◆ **MATERIAL SHOWN**:
[Start of Attachment]

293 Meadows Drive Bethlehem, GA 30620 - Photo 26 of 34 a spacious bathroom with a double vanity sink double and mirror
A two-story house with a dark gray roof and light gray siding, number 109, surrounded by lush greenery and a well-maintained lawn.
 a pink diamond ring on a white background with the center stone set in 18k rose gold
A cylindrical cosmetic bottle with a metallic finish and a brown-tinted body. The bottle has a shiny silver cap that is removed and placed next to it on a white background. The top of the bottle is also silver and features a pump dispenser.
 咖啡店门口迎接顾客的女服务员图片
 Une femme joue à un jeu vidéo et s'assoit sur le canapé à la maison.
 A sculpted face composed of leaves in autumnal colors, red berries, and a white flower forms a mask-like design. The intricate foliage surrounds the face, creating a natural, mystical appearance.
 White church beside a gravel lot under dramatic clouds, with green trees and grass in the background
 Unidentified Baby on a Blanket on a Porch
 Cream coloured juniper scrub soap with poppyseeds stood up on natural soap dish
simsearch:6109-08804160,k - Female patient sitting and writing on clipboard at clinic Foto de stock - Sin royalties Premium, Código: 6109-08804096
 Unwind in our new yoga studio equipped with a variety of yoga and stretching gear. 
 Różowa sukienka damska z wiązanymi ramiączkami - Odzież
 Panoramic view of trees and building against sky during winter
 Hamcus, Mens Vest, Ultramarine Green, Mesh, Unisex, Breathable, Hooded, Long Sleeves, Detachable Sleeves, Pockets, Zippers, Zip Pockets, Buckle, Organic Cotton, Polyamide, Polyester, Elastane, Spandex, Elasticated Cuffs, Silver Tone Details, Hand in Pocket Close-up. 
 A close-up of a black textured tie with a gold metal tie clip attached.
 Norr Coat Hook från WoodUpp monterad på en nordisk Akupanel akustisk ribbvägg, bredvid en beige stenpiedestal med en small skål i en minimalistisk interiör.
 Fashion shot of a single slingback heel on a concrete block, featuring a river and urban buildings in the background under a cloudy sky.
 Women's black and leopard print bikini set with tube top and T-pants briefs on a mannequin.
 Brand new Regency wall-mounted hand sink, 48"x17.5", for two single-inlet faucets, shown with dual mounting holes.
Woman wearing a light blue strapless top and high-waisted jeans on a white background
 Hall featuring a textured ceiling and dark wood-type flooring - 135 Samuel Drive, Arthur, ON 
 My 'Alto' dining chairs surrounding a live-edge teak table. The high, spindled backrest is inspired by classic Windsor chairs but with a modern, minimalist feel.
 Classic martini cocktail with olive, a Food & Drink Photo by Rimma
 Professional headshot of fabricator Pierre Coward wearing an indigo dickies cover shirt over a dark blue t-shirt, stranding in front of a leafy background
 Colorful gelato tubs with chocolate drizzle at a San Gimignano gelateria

[End of Attachment]

◆ **EXERCISE DETAILS**:
Find every line in the records that uses the string "sink", then copy it.

◆ **PROBLEM SOLUTION**:
293 Meadows Drive Bethlehem, GA 30620 - Photo 26 of 34 a spacious bathroom with a double vanity sink double and mirror
 Brand new Regency wall-mounted hand sink, 48"x17.5", for two single-inlet faucets, shown with dual mounting holes.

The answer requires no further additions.